» Task brief:
How many lines of the data hold the word "that"? State the number and nothing else.

» Supplied material:
*** Block opens ***

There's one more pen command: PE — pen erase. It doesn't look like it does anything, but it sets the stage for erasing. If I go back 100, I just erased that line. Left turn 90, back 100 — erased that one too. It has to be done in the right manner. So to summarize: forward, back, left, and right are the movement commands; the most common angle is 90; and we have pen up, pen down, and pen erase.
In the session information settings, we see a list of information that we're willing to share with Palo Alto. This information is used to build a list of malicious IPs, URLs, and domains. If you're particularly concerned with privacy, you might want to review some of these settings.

*** Block closes ***
*** Block opens ***

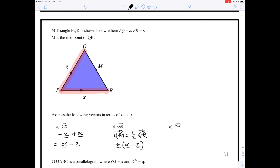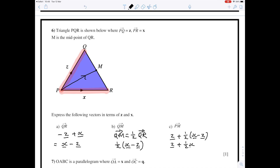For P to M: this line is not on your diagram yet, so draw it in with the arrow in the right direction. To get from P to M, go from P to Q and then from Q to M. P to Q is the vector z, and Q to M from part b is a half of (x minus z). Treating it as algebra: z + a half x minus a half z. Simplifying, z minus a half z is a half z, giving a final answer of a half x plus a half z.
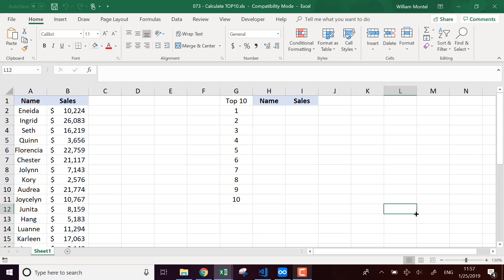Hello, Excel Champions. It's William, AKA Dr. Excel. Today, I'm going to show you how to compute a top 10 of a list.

*** Block closes ***

» Exercise answer:
2